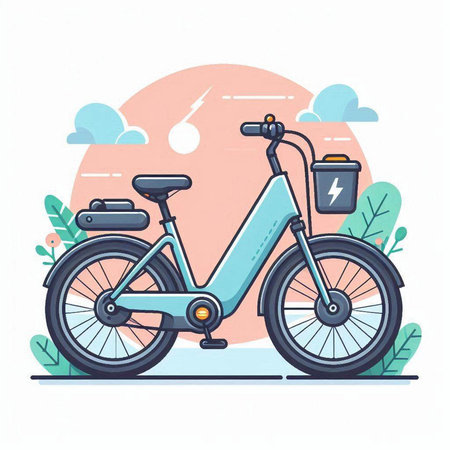 Vintage bicycle on the background of the landscape. Vector illustration.のイラスト素材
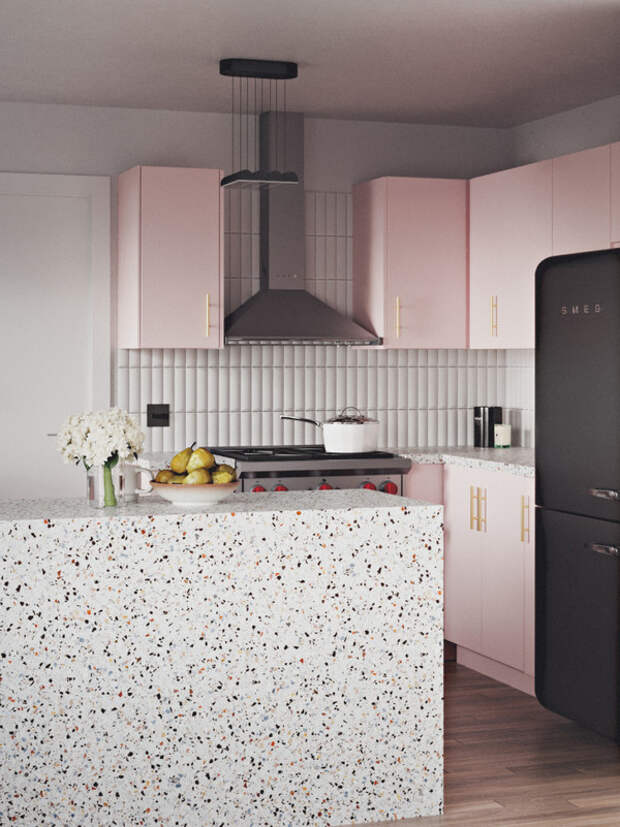 розовый кухонный гарнитур: фото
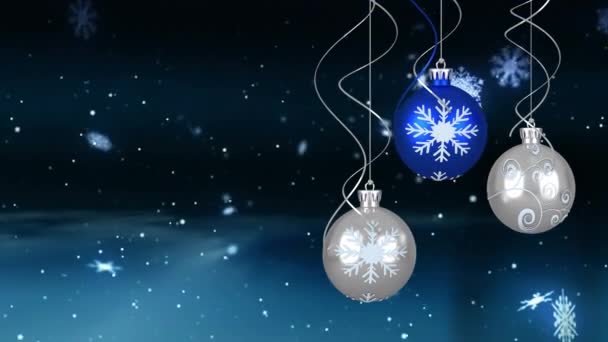 Animation Snowflakes Falling Christmas Baubles Decoration Winter Landscape Christmas Tradition — Stock Video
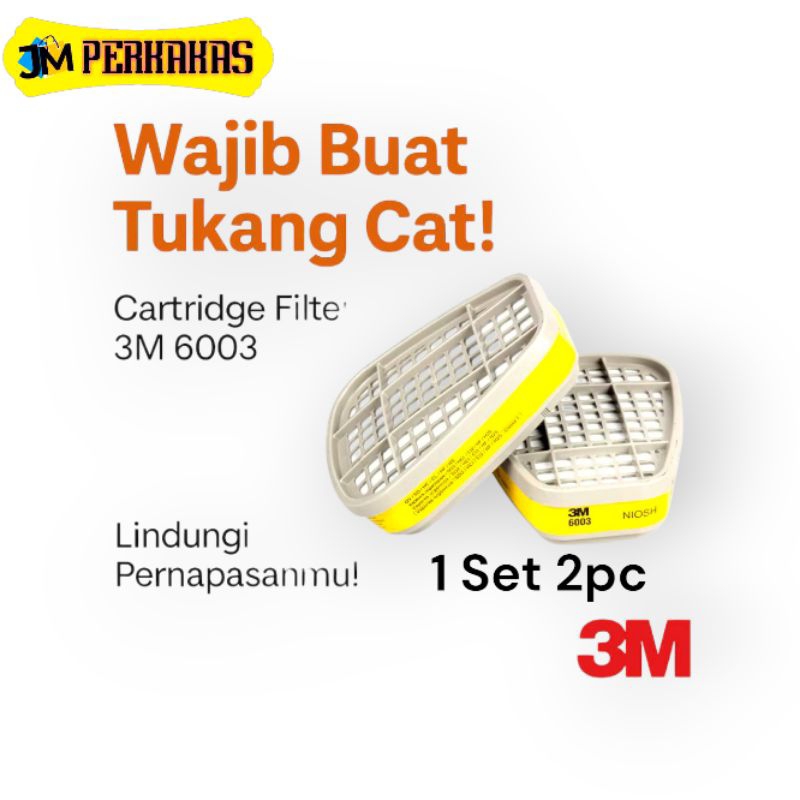 Catridge Filter Gas & Uap Organik 3M 6003 Asli - Masker Respirator 3M - Khusus Tukang Cat & Bengkel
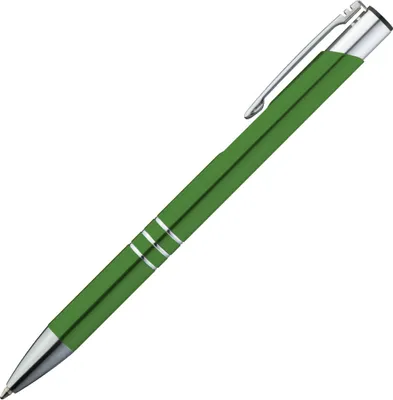 Produktbild von Kugelschreiber aus Metall / Schreibfarbe = Kugelschreiberfarbe / Farbe: grün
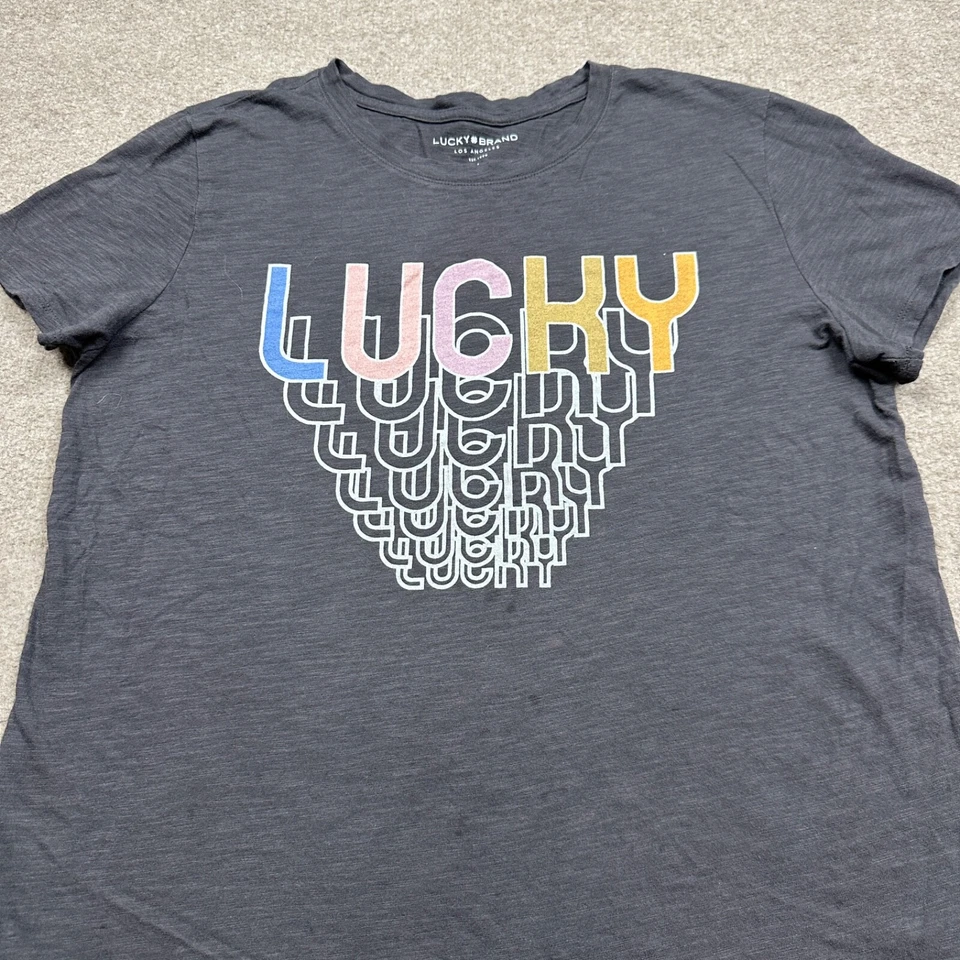 Lucky Brand Graphic T Shirt Women's Size L Gray Short Sleeve Crew Neck Stretch - Image 3 of 4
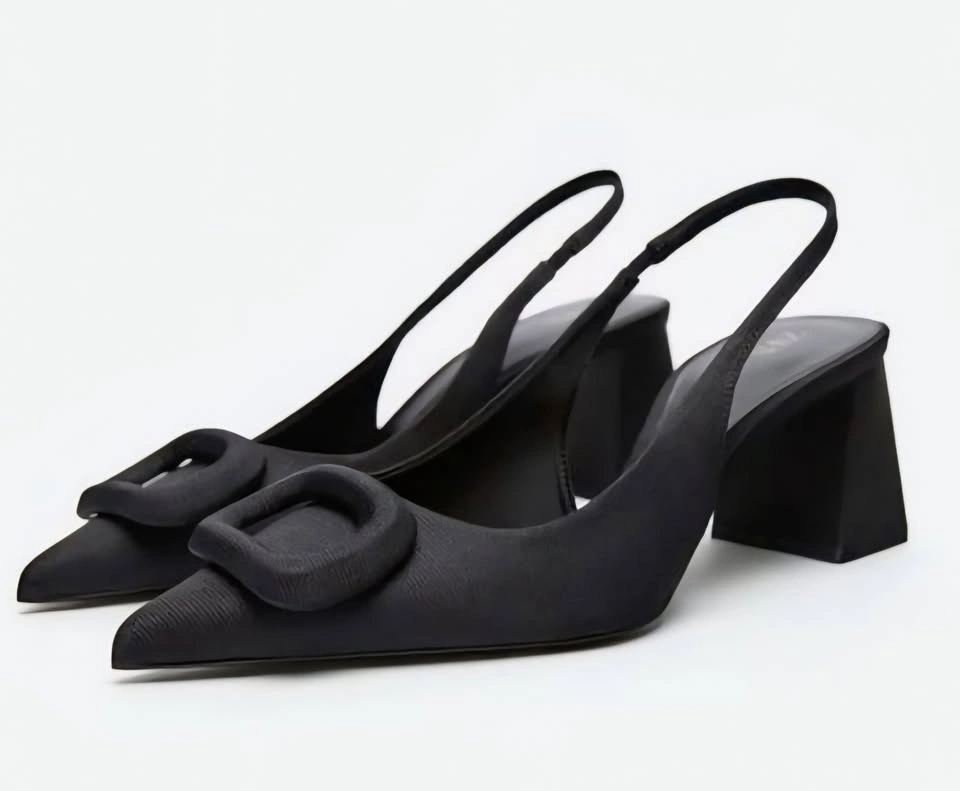 Zara Black Pointed-Toe Slingback Block Heels - Size 39 - photo 5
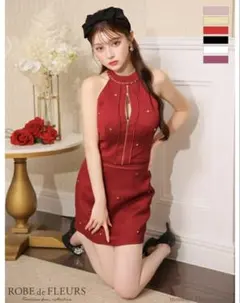 ローブドフルール　セットアップ　レッド　ハートスタッズ　キャバドレス　S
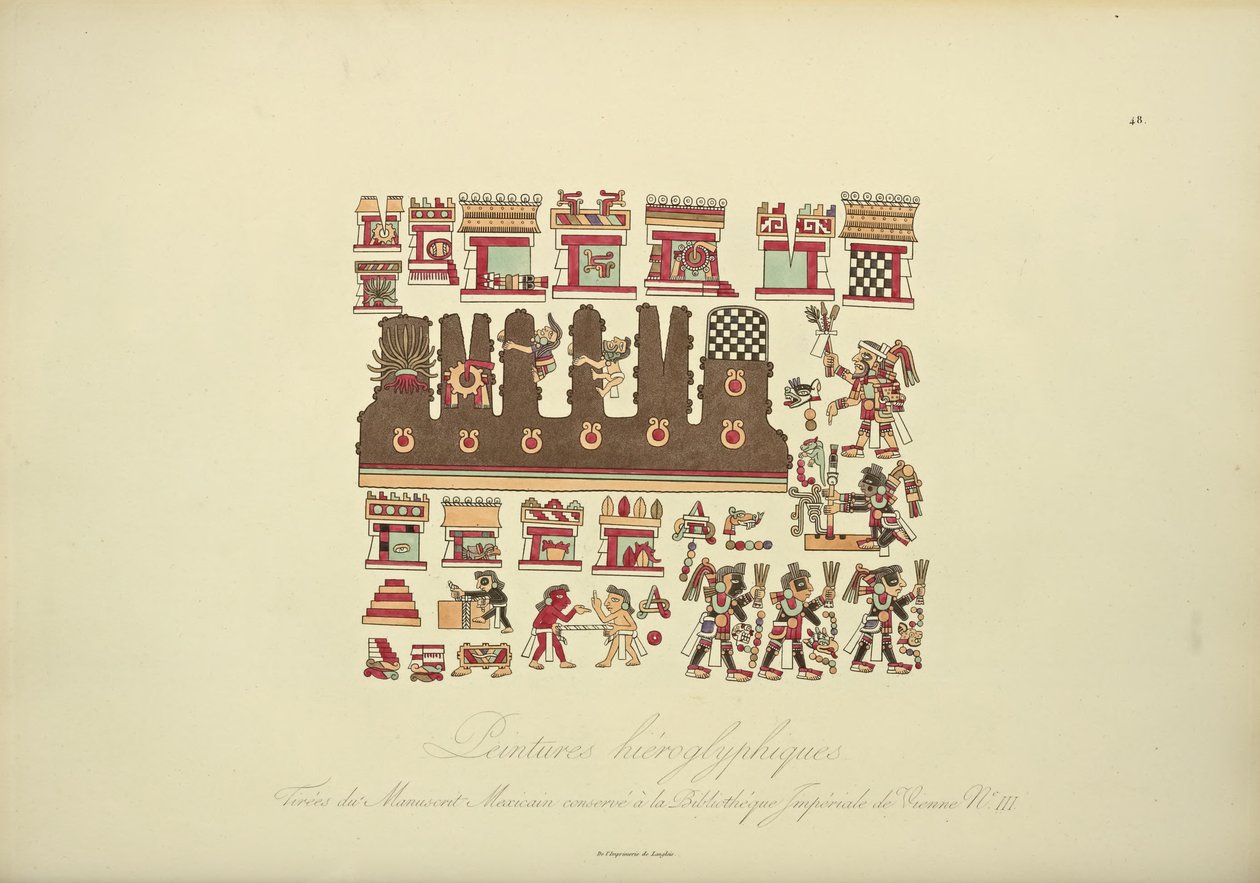 Hieroglyphic Paintings from Mexican Manuscript III, Conserved at the Imperial Library of Vienna, Illustration from Vues des Cordillères et Monumens des Peuples Indigènes de l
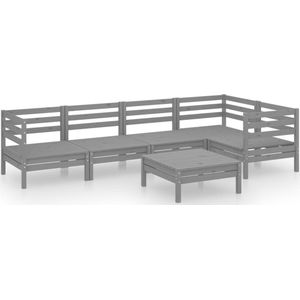 vidaXL 6-delige Loungeset massief grenenhout grijs Tuinstoel - Lounge Set - Buitendecoratie - Teak Hout - Patio Furniture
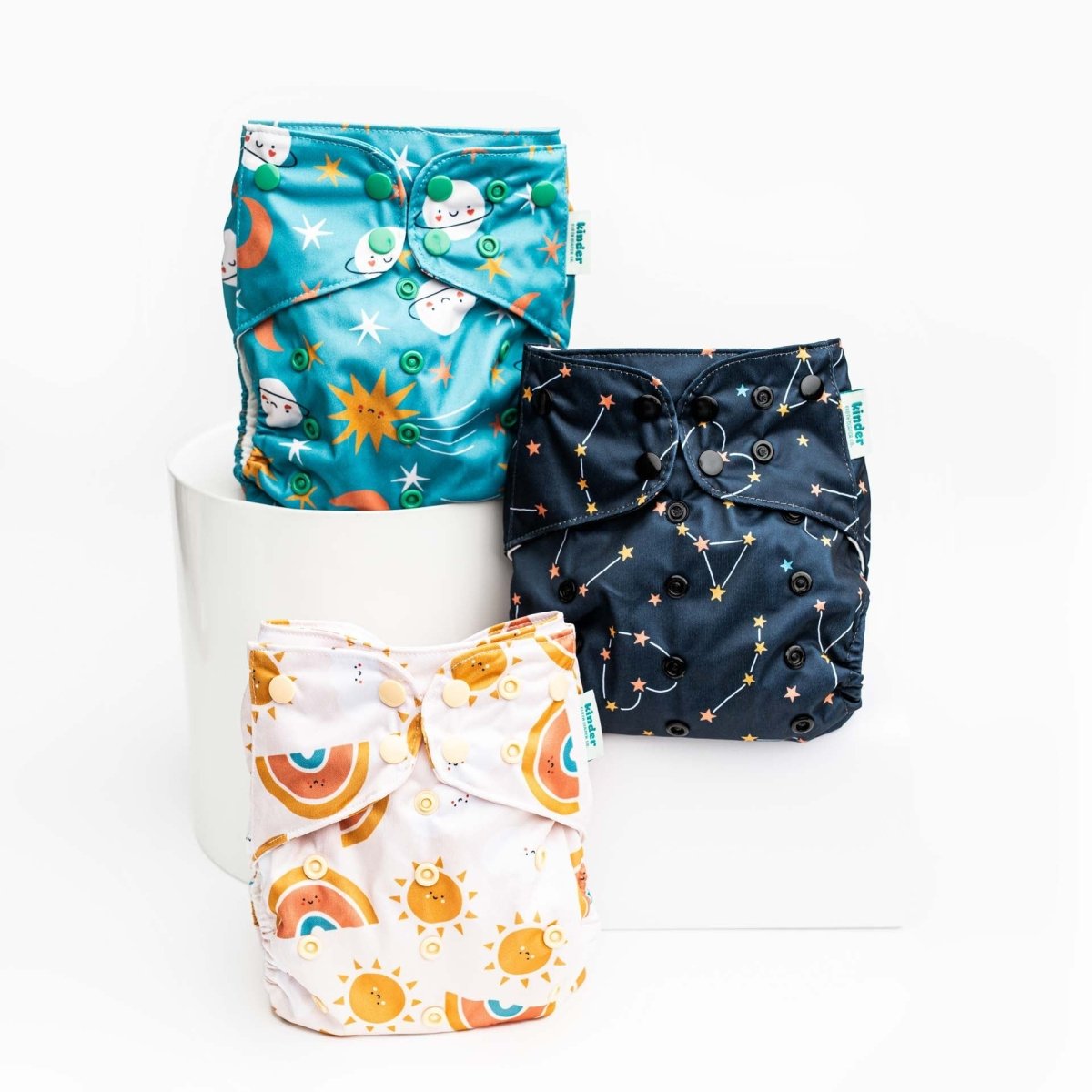 Space and Sky: Essentials Pocket Cloth Diaper with Athletic Wicking Jersey, Grows with your Baby - Kinder Cloth Diaper Co. - 27 - 02 - 01 - modern reusable cloth diapers and more for birth to potty training - Pittsburgh Based Small Business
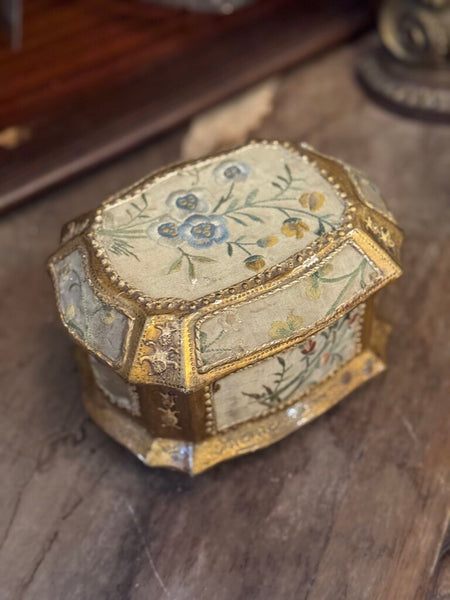 0615 Embroidered fabric wrapped florentine box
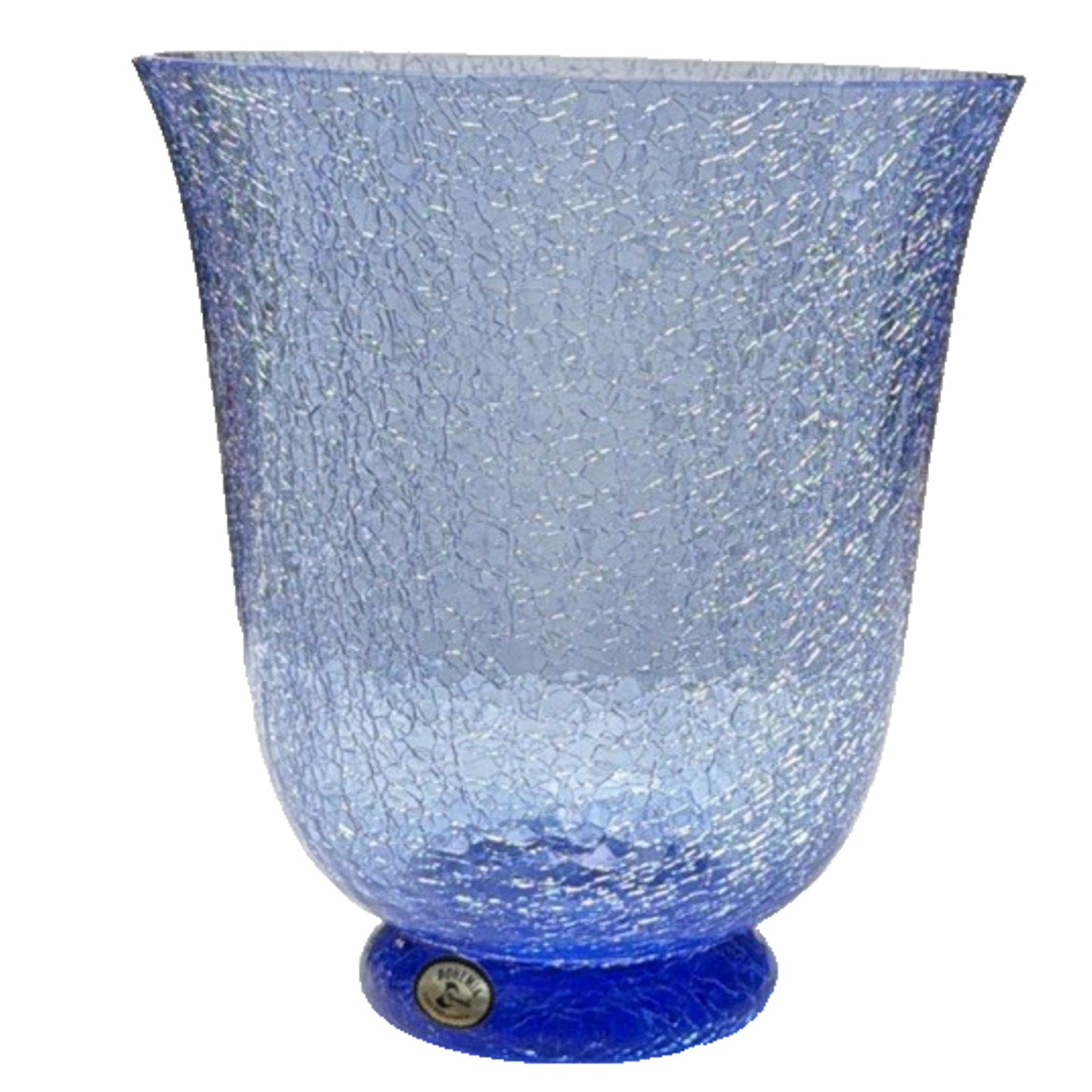 Vintage Bohemia Czech Blue Crackle Glass Crystal Vase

-----

- **Your instructions**:
Without copying the pictures, transcribe the entries exactly.

- **The completed task**:
 Vintage bicycle on the background of the landscape. Vector illustration.のイラスト素材
 розовый кухонный гарнитур: фото
 Animation Snowflakes Falling Christmas Baubles Decoration Winter Landscape Christmas Tradition — Stock Video
 Catridge Filter Gas & Uap Organik 3M 6003 Asli - Masker Respirator 3M - Khusus Tukang Cat & Bengkel
 Produktbild von Kugelschreiber aus Metall / Schreibfarbe = Kugelschreiberfarbe / Farbe: grün
 Lucky Brand Graphic T Shirt Women's Size L Gray Short Sleeve Crew Neck Stretch - Image 3 of 4
 Zara Black Pointed-Toe Slingback Block Heels - Size 39 - photo 5
 ローブドフルール　セットアップ　レッド　ハートスタッズ　キャバドレス　S
 Hieroglyphic Paintings from Mexican Manuscript III, Conserved at the Imperial Library of Vienna, Illustration from Vues des Cordillères et Monumens des Peuples Indigènes de l
 vidaXL 6-delige Loungeset massief grenenhout grijs Tuinstoel - Lounge Set - Buitendecoratie - Teak Hout - Patio Furniture
 Space and Sky: Essentials Pocket Cloth Diaper with Athletic Wicking Jersey, Grows with your Baby - Kinder Cloth Diaper Co. - 27 - 02 - 01 - modern reusable cloth diapers and more for birth to potty training - Pittsburgh Based Small Business
 0615 Embroidered fabric wrapped florentine box
 Vintage Bohemia Czech Blue Crackle Glass Crystal Vase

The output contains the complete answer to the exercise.